36.L’alinéa d du paragraphe 3 de l’article 14 comporte trois garanties distinctes. Premièrement, cette disposition exige que l’accusé ait le droit d’être présent à son procès. Les procès en l’absence de l’accusé peuvent dans certaines circonstances être autorisés dans l’intérêt d’une bonne administration de la justice, par exemple quand l’accusé, bien qu’informé du procès suffisamment à l’avance, refuse d’exercer son droit d’y être présent. Par conséquent, ces procès sont compatibles avec l’alinéa d du paragraphe 3 de l’article 14 uniquement si les mesures nécessaires ont été prises pour demander dans le délai voulu à l’accusé de comparaître et pour l’informer à l’avance de la date et du lieu de son procès et lui demander d’y être présent.
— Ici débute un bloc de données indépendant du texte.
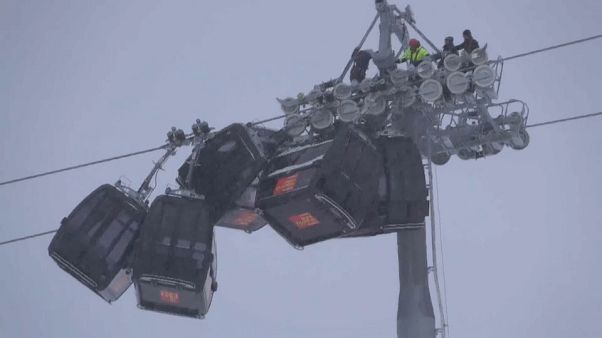 Hochzillertal: 5 Gondeln zusammengeprallt Hochzillertal: 5 Gondeln zusammengeprallt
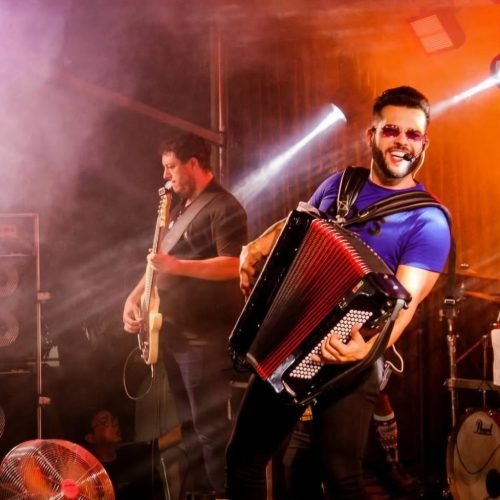 Flávio José, Mastruz com Leite, Ranniery Gomes e Gitana Pimentel comandam Festival Forró Verão deste sábado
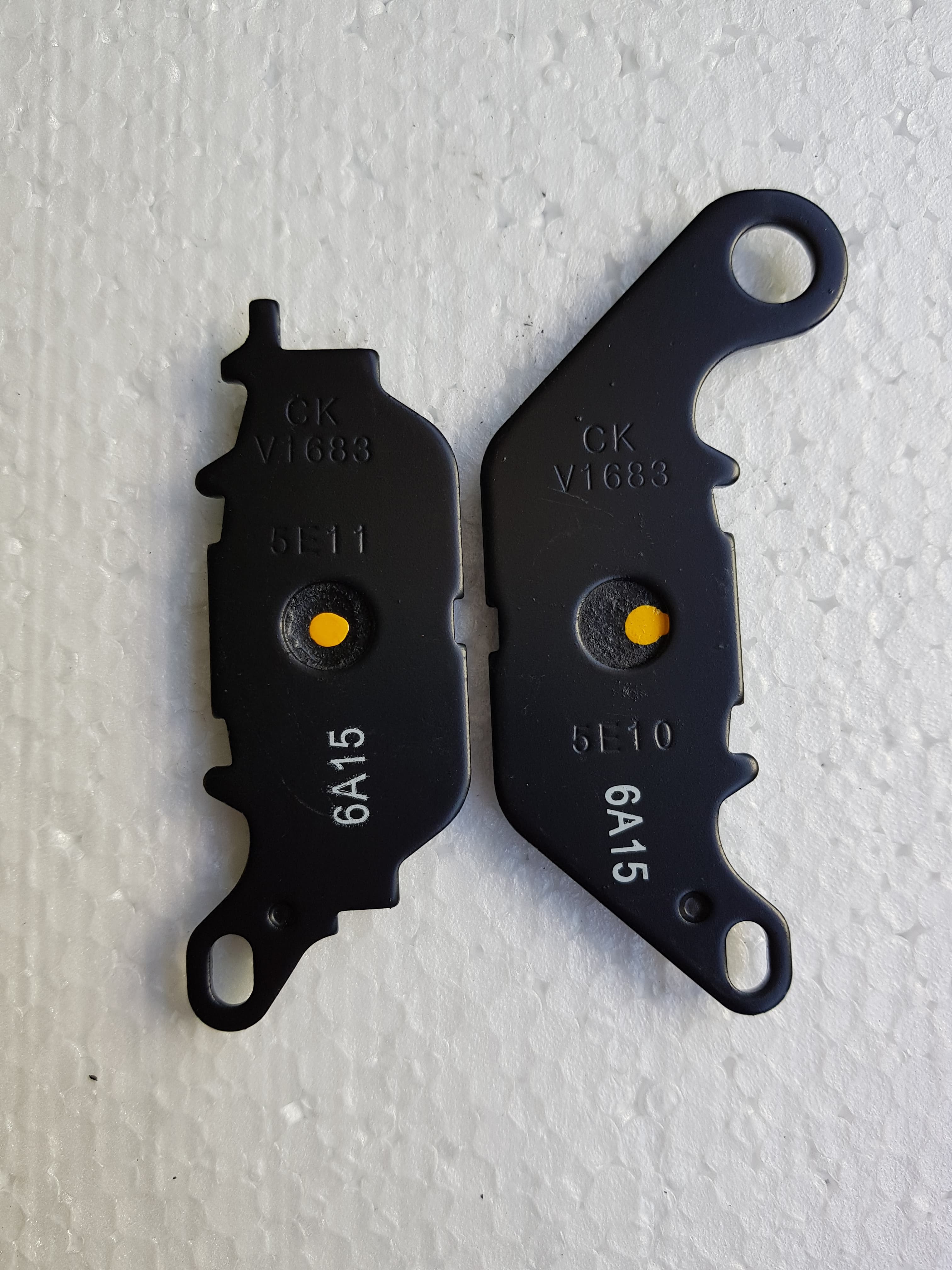 Bố Thắng Đĩa Má Phanh Đĩa Xe Máy YA135 ( Novo4,5,6; Exciter135 (1pit); Sirius R; Jupiter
37.Deuxièmement, le droit de toute personne accusée d’un crime de se défendre elle‑même ou d’avoir l’assistance d’un défenseur de son choix, et d’être informée de ce droit, comme prévu à l’alinéa d du paragraphe 3 de l’article 14, fait référence à deux types de défense qui ne sont pas incompatibles. Les personnes qui se font aider par un avocat ont le droit de donner des instructions à celui-ci sur la conduite de la défense, dans les limites de la responsabilité professionnelle, et de témoigner en leur nom propre. En même temps, le texte du Pacte est clair dans toutes les langues officielles, puisqu’il dispose que l’accusé peut se défendre lui‑même «ou» avoir l’assistance d’un défenseur de son choix, ce qui lui laisse la possibilité de refuser l’assistance d’un conseil. Le droit d’assurer sa propre défense sans avocat n’est cependant pas absolu. L’intérêt de la justice peut, dans certaines circonstances, nécessiter la commission d’office d’un avocat contre le gré de l’accusé, en particulier si l’accusé fait de manière persistante gravement obstruction au bon déroulement du procès, si l’accusé doit répondre à une accusation grave mais est manifestement incapable d’agir dans son propre intérêt, ou s’il s’agit, le cas échéant, de protéger des témoins vulnérables contre les nouveaux traumatismes que l’accusé pourrait leur causer ou les manœuvres d’intimidation qu’il pourrait exercer contre eux en les interrogeant lui‑même. Cependant, les restrictions du droit de l’accusé d’assurer sa propre défense doivent servir un but objectif et suffisamment important et ne pas aller au‑delà de ce qui est nécessaire pour protéger les intérêts de la justice. Par conséquent, la législation interne devrait éviter d’exclure purement et simplement le droit d’assurer sa propre défense dans une procédure pénale, sans l’assistance d’un conseil.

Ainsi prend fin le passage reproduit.